Guiteau Testifies: 'It Was the Will of God'
Just when it appeared the trial could get no more dramatic, Guiteau took the stand. Testifying for nearly a week, the defendant told the court he had an accomplice—a divine one. “I believe that it was the will of God that he should be removed, and that I was the appointed agent to do it,” he said under cross-examination. “I did not do that act in my own personality. I united myself with the Deity.” Guiteau also admitted being the president’s assailant—but not his murderer. “I did not kill the President. The doctors did that. I merely shot him.”
Guiteau repeatedly thwarted Scoville’s insanity defense by detailing his meticulous preparations and clarifying that he was only insane at the moment of the shooting—but no longer. “I shot the president on the second of July. I wouldn’t do it again for a million dollars, with the mind I have got now,” he declared. He also hurt his case by describing his forethought in buying an ivory-handled pistol because he thought it would look better in a museum exhibit.
The defendant delivered his own closing argument during which he swayed, fixed his eyes to the heavens and sang “John Brown’s Body”—and then argued that he was as much a patriot as George Washington. He contended that God had kept Garfield alive for 80 days to ease the presidential transition. “The Deity allowed the doctors to finish my work gradually, because He wanted to prepare the people for the change,” he told the jury.
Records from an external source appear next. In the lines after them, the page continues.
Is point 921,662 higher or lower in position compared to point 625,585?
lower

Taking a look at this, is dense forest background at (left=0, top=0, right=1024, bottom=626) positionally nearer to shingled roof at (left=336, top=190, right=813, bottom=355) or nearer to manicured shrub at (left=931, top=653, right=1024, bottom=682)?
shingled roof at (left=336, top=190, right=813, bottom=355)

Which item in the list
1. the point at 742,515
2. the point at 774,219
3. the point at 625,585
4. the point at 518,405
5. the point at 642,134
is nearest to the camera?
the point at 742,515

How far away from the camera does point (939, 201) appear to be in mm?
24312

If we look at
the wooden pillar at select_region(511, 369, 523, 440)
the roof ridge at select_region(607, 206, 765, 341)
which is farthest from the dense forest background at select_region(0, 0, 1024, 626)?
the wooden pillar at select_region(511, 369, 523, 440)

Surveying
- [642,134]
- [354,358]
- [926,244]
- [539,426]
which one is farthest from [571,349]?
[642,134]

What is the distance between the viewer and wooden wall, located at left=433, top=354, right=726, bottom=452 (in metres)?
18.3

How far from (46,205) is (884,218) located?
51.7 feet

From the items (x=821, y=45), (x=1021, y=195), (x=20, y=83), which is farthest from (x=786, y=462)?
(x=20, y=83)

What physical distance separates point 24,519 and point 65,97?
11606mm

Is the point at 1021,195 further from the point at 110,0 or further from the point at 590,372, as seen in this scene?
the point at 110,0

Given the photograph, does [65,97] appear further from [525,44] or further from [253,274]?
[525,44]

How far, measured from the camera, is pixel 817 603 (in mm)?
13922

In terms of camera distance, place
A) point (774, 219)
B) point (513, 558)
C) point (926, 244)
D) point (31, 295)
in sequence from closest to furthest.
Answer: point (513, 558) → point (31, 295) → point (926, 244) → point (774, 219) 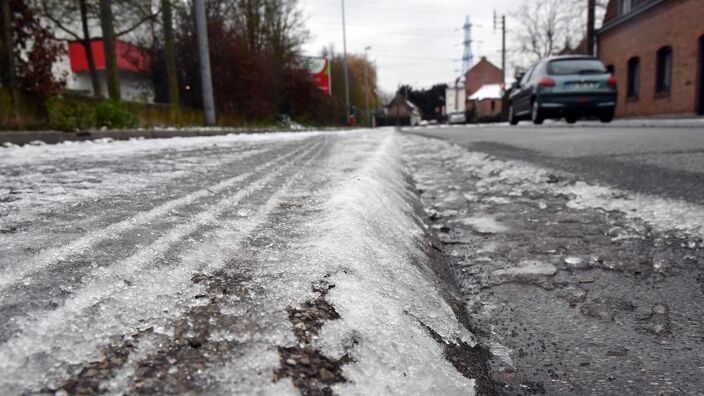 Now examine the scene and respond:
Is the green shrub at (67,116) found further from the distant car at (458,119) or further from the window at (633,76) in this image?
the distant car at (458,119)

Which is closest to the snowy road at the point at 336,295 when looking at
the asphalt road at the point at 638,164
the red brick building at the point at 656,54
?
the asphalt road at the point at 638,164

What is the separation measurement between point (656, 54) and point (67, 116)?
17645 millimetres

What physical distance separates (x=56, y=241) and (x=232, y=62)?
13.9 metres

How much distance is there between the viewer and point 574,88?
9.42 meters

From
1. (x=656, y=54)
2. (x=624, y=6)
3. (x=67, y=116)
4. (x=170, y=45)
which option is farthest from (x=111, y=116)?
(x=624, y=6)

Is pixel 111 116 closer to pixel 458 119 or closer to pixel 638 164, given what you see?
pixel 638 164

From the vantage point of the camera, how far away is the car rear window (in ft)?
30.8

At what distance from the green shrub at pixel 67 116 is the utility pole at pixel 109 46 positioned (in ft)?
9.29

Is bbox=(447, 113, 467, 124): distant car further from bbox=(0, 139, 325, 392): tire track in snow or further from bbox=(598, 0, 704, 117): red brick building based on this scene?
bbox=(0, 139, 325, 392): tire track in snow

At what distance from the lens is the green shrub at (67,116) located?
17.7 feet

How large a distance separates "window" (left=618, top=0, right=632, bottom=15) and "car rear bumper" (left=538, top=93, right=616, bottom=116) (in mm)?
11407

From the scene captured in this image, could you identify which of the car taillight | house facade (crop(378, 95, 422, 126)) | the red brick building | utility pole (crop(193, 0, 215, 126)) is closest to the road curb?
utility pole (crop(193, 0, 215, 126))

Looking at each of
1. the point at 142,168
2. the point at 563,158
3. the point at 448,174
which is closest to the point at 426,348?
the point at 142,168

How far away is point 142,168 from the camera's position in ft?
7.84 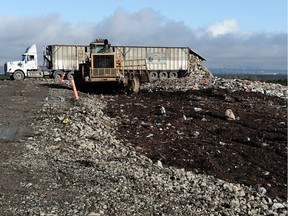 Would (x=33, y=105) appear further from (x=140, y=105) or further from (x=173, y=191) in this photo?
(x=173, y=191)

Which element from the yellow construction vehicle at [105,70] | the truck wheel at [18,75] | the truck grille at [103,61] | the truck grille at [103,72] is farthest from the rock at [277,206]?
the truck wheel at [18,75]

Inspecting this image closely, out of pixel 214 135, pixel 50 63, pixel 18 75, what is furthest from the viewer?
pixel 50 63

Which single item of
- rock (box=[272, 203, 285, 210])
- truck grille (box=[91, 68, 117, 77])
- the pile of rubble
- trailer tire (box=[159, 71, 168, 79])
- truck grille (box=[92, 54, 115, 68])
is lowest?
rock (box=[272, 203, 285, 210])

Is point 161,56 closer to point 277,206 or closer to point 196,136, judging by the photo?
point 196,136

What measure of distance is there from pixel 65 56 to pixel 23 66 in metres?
4.24

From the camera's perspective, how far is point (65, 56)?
38.1m

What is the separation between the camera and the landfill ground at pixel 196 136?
29.6 feet

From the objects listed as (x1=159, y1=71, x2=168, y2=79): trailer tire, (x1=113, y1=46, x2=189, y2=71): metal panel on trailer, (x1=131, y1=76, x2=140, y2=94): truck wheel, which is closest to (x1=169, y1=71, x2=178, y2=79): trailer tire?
(x1=113, y1=46, x2=189, y2=71): metal panel on trailer

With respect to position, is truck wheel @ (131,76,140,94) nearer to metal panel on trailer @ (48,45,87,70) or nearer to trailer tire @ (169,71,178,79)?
metal panel on trailer @ (48,45,87,70)

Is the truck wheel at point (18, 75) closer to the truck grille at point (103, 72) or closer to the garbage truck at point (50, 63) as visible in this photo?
the garbage truck at point (50, 63)

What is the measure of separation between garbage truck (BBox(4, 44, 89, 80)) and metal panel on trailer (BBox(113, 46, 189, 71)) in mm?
4394

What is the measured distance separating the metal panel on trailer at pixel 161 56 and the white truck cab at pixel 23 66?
26.5 feet

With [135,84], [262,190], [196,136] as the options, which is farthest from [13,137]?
[135,84]

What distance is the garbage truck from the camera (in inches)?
1375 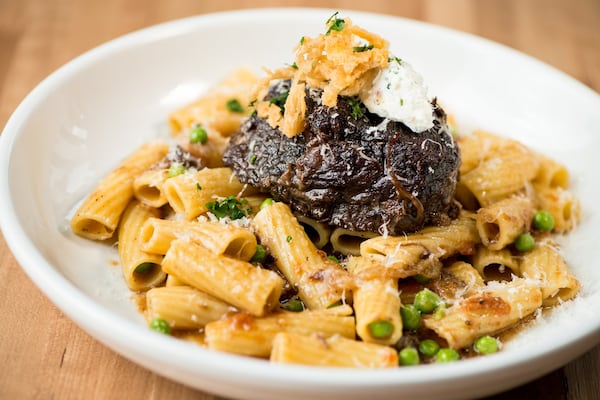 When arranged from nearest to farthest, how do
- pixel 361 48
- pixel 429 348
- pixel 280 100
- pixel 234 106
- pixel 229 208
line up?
pixel 429 348 < pixel 361 48 < pixel 229 208 < pixel 280 100 < pixel 234 106

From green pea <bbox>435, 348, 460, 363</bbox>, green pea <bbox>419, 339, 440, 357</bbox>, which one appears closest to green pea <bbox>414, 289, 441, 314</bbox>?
green pea <bbox>419, 339, 440, 357</bbox>

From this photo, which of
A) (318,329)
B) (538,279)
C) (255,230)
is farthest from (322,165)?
(538,279)

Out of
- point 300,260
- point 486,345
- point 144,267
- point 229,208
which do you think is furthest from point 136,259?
point 486,345

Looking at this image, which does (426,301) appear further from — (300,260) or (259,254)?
(259,254)

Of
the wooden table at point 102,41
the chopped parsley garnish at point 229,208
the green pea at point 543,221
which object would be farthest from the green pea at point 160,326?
the green pea at point 543,221

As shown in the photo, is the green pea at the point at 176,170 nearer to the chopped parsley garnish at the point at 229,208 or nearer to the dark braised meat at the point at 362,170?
the chopped parsley garnish at the point at 229,208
After two months of testimony, the trial ended late in the afternoon of January 26, 1882. The jury took just 65 minutes to return a verdict.
A Gathering at the Gallows
As a cold winter rain fell outside, candles flickered in the courtroom as foreman John Hamlin announced the jury’s verdict: “Guilty as indicted.”
An estimated 20,000 people entered the lottery to watch the president’s killer die. The 250 winners—some of whom paid $300 for a ticket—filed into the D.C. jail on June 30, 1882, eager to witness the gruesome sight. In his final moments, Guiteau recited a rambling, five-stanza poem, “I Am Going to the Lordy,” which he had penned that morning.
After a benediction, the executioner looped a noose around his neck and draped a heavy black hood over his head. Guiteau dropped his poem to the ground as a signal to his executioner to open the trapdoor.
The assassin’s body was buried in the jail’s courtyard but didn’t rest in peace for long. After an exhumation days later, doctors at the U.S. Army Medical Museum removed Guiteau’s brain and distributed sections to psychiatrists around the country to study for signs of insanity. (Modern pathologists theorize that chronic malaria and cerebral syphilis might have affected Guiteau’s brain.) Today, portions of the assassin’s brain, spleen and skeleton are stored at the National Museum of Health and Medicine along with the section of Garfield’s spine used as a trial exhibit, grisly reminders of a presidential assassination.